As well as public transport, Singapore has recently looking into driverless vehicle systems for their port cargo transportation.

What’s the big deal?

Perhaps no other technology subsector has sparked the imaginations of consumers everywhere the way that autonomous vehicles have. The potential of the technology to not only save more lives but change the way we think about transportation and driving is huge.

In the future, it could prove to be “irresponsible” allow people to drive, according to Doug Parker, the COO of nuTonomy. In fact, it could transform driving from a necessary practice into a leisure activity.

Furthermore, significant strides in the autonomous vehicle space could spark a host of innovations in other related spaces including autonomous buses for reducing congestion rampant across the region; or autonomous airplanes, as are being championed by Airbus and Boeing.

Some are skeptical about the raw potential of autonomous vehicles–estimates for their adoption range anywhere from the next two years to a decade’s worth of testing before we see any real, critical change in the way we think about these technologies.

However, it’s clear that we’re going to see a future where the driver is digital, whenever that moment does arrive.

5. Transportation trends 2018

The future looks bright for the transportation industry, and 2018 will likely see more innovations, drama and development.

So here are some potential trends to keep an eye on as we move cautiously into the new year.

Public transportation gets a tech update

The public transport industry is going through a tech revolution. And necessarily so. Birth and life expectancy rates are increasing, and as a result, the global population is growing, creating with it an inevitable future of overpopulated cities, congested roads and pollution.

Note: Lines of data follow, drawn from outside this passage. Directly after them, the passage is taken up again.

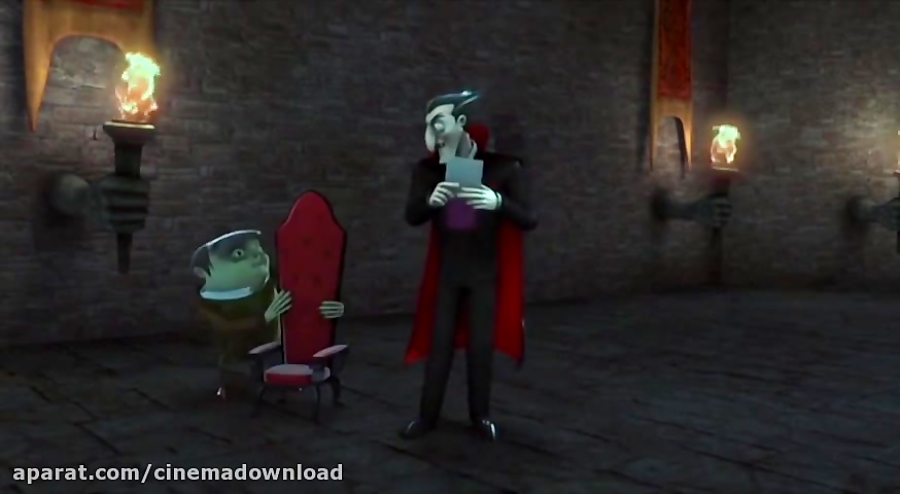 دانلود انیمیشن Dear Dracula با دوبله فارسی زمان2425ثانیه
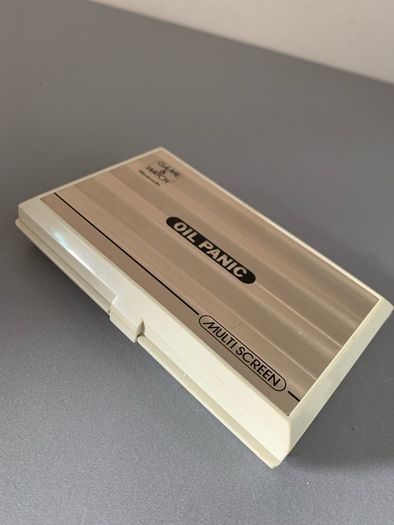 Nintendo Game And Watch Oil Panic Boxed
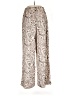 The Drop 100% Polyester Paisley Ivory Casual Pants Size L - photo 2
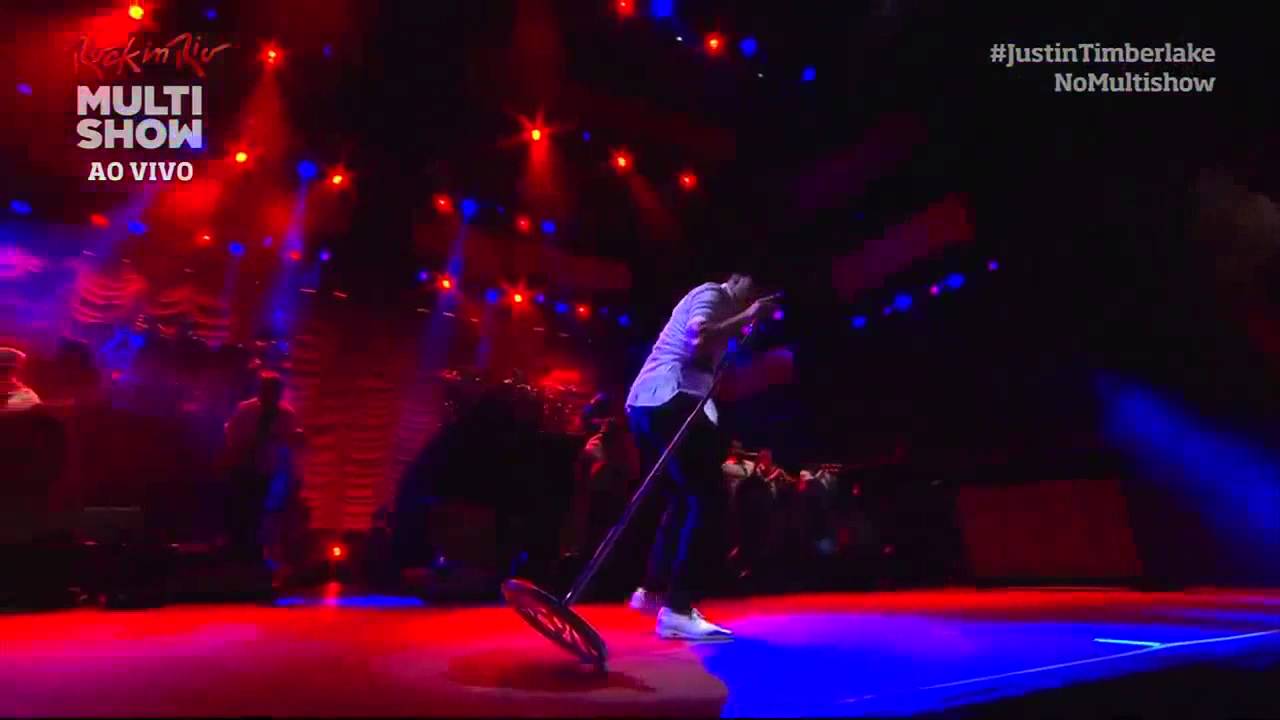 Justin Timberlake FutureSex/LoveSounds-Need you tonight(INXS) Rock in Rio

More and more, governments, city planners and policymakers are forced to face with growing demands for better, more sustainable, more efficient and well, smarter transportation options.

For example, commuters can now buy train tickets through apps, and with Apple Pay. In cities, you can simply tap your contactless bank card to pay for your public transport journey, and in some cities, such as Shanghai, subway systems are implementing AI technology, which means you can use facial recognition in order to purchase tickets.

Last-mile first

The “last mile” is a phrase used to describe the movement of people and goods from a transportation hub to their final destination, ie. their homes.

New developments across Southeast Asia seek to address this problem. For instance, in the last year, the bike-sharing market has boomed. Companies such as Chinese startup Mobike (available in Kuala Lumpur and Bangkok), and Singapore’s oBike,  allow users to unlock bikes docked along sidewalks through their smartphones.

“Bike-sharing has been crazy since late last year … The general belief is that [it] boosts the utilization of public transport as shared bikes help to complete the journey,” said Harry Liu, a downstream consultant with IHS Markit. (as reported by csmonitor)

The growth of ride-hailing services also seeks to solve the problem of the first and last mile connectivity for passengers. Often, people do not use public transport due to the unavailability of stations within walking distance to their homes. Ride-hailing services such as Uber and Grab enable commuters a cheap and convenient way to get to and from stations.

Go-Jek’s empire

Founded in 2010, Go-Jek started as a motorbike taxi on-demand service but has since expanded into a courier, transport, and shopping service in Indonesia. Its fleet now exceeds 400,000 drivers, including motorcycles, cars and trucks and is available to people in 50 cities in Indonesia.